It exposes an MCP server. An agent connects with a scoped, revocable token and can: claim_job, report_progress, attach_evidence, request_human_decision, resolve_decision. Every call writes to the same job timeline humans see, tagged human vs agent, so there's one audit trail of who (or what) did what. When an agent hits something irreversible it opens a request_human_decision — surfaces as an "Agent · pending" chip on the card; a human resolves it once and the agent continues.
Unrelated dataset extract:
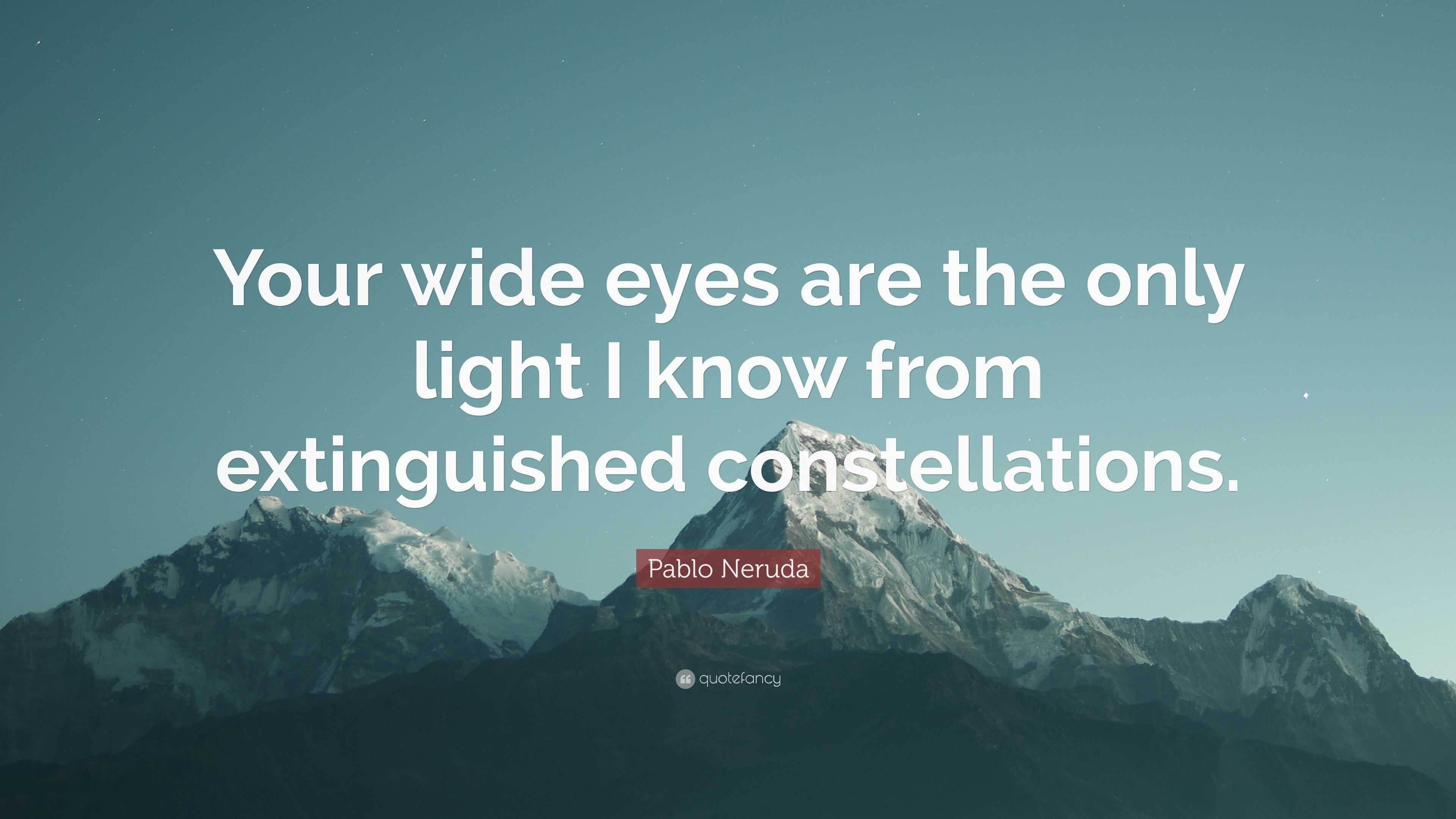 Pablo Neruda Quote: “Your wide eyes are the only light I know from ...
The rest is a normal kanban: enforced stage order (transitions are logged, no jumping columns), per-stage SLAs that flag at-risk/overdue, and an optional QR per card that opens a login-free public status page.
Stack: Next.js 16, Postgres (Neon) + Prisma, NextAuth, Stripe, Vercel. The MCP server is a thin layer over the same REST API the web app uses.
A few design calls I'd love HN's brutally honest take on:
Agent as a service principal — each token is flagged human or agent (isAgent), sharing the same permission scopes. Is a distinct principal type the right call, or should it just be scopes?
request_human_decision as a first-class board object — it's a real row with options + status, not a comment mention. Over-engineered vs just letting the agent leave a note and poll?
Append-only timeline, 280 chars/event — keeps cards scannable but forces agents to be terse. Good constraint or annoying in practice?
Free plan is 10 active jobs, no card. Honest about the gaps: MCP server is read+write but not streaming yet, no native mobile app, public REST docs are thin beyond the MCP surface.
qodflow.com — happy to get into the tradeoffs.